We will spend the first half of tonight's meeting discussing Camp Rodney, and the second half will be a combination of planning a "Lost Child Project", discussing shoulder loops, and working on knots.
There will be no meeting next week due to Spring Break and the following week will be a committee meeting, that said - we will not have a Scout meeting again till Thursday, April 20, 2023. If anyone needs a conference tonight, please email the Scoutmaster asap so we can ensure there are ASMs to support you.
Reminder - Those going to Camp Lewis for the Merit Badge weekend (April 14 - 16), that event will take place prior to our next Scout meeting.
Historical Information Related to Shoulder Loops
Shoulder loops - those small pieces of looped broad ribbon - were introduced as part of the BSA's khaki-tan uniforms designed by Oscar de Renta in 1973. The shoulder loops identify youth and adult members of the BSA to each other by program area or level of service.
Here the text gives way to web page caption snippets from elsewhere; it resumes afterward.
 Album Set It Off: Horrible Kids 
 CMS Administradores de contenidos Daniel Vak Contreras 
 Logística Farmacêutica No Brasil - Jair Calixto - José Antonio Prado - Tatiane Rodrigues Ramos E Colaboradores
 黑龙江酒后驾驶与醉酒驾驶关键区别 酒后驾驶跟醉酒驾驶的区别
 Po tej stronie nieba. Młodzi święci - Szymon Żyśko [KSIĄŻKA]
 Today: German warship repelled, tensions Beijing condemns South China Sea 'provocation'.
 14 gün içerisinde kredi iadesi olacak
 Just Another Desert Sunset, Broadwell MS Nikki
Youth and adults (both professionals and volunteers) wear a set of shoulder loops.
The original intent of the shoulder loops were to prevent Scouters from having to purchase two or three shirts, with differing insignia on each shirt identifying their role and scope. One shirt would be worn, for instance, by a Scoutmaster of a Troop who also serves as a District or Council-level volunteer. By changing only the shoulder loops, the Boy Scout leader (red shoulder loops) becomes a District/Council-level Scouter (silver shoulder loops).
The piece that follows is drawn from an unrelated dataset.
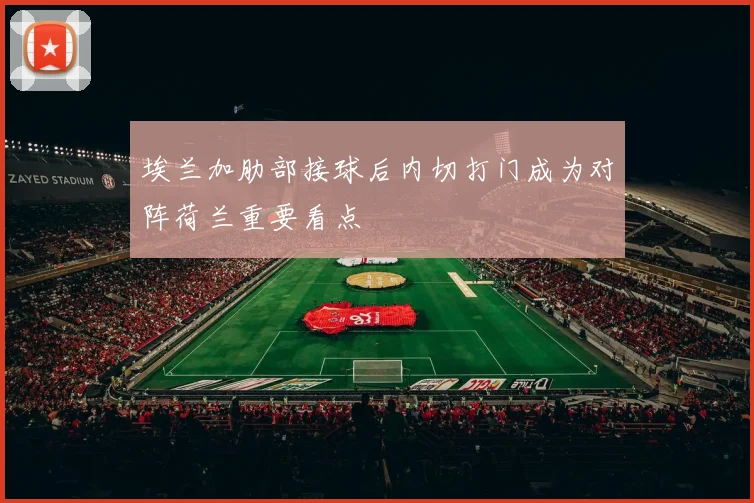 埃兰加肋部接球后内切打门成为对阵荷兰重要看点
Later, as many volunteers served as Cub Scout, Boy Scout, Venturing, and as either District/Council or Regional/National volunteers (or in roles in all of the above), the BSA realized that this perhaps was not a good idea for people to be switching loops to "fit the occasion." The BSA's National Uniform and Insignia Committee decided that the shoulder loops would "match the REGISTERED (paid) position of the individual".
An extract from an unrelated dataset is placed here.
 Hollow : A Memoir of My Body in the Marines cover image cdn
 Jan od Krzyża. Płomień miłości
This idea went nowhere fast. The BSA eventually discarded the dictum and instead, suggests now that the shoulder loops "should match the official position you hold within the Movement and preferably the position in which dues have been paid and in which you function within."
In 2004, the BSA officially changed the color scheme for Boy Scouts. Since 1964, the official "color" for Boy Scouts was "Scouting Red", to contrast with the khaki-green uniforms of that time. When the BSA adopted the khaki-tan field uniforms, the color remained. The current "field color" of the Boy Scout division of the BSA is now "Olive Green" (some of you military types would probably call it "OD" or "olive drab"). Various BSA manuals and booklets will reflect the new color scheme starting in 2013; and as old stocks of red shoulder loops go away from Scout Shops(tm) and local Council trading posts, the red shoulder loop will become history. Scouts and Scouters wearing red shoulder loops should change them to the current olive (dark) green shoulder loops for best uniforming.